ACTION ITEM> Give again, exactly as written, the lines of the records below from the line with "bathroom with vanity, tile" to the line with "1991 Ford Bronco". Both end lines count; pictures do not.

DATA FOR THE TASK>
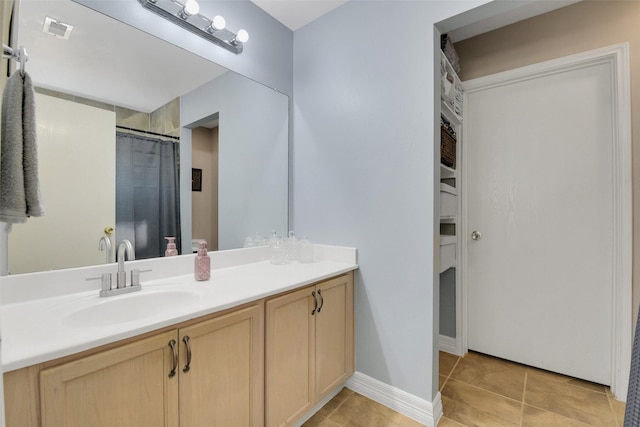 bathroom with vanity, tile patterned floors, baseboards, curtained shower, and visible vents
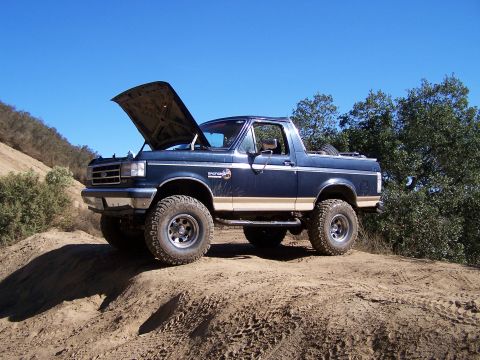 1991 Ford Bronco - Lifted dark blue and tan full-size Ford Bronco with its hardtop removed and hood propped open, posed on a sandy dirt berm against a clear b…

--

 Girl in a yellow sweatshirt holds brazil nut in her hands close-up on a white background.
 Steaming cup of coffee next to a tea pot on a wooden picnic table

TASK SOLUTION>
 bathroom with vanity, tile patterned floors, baseboards, curtained shower, and visible vents
 1991 Ford Bronco - Lifted dark blue and tan full-size Ford Bronco with its hardtop removed and hood propped open, posed on a sandy dirt berm against a clear b…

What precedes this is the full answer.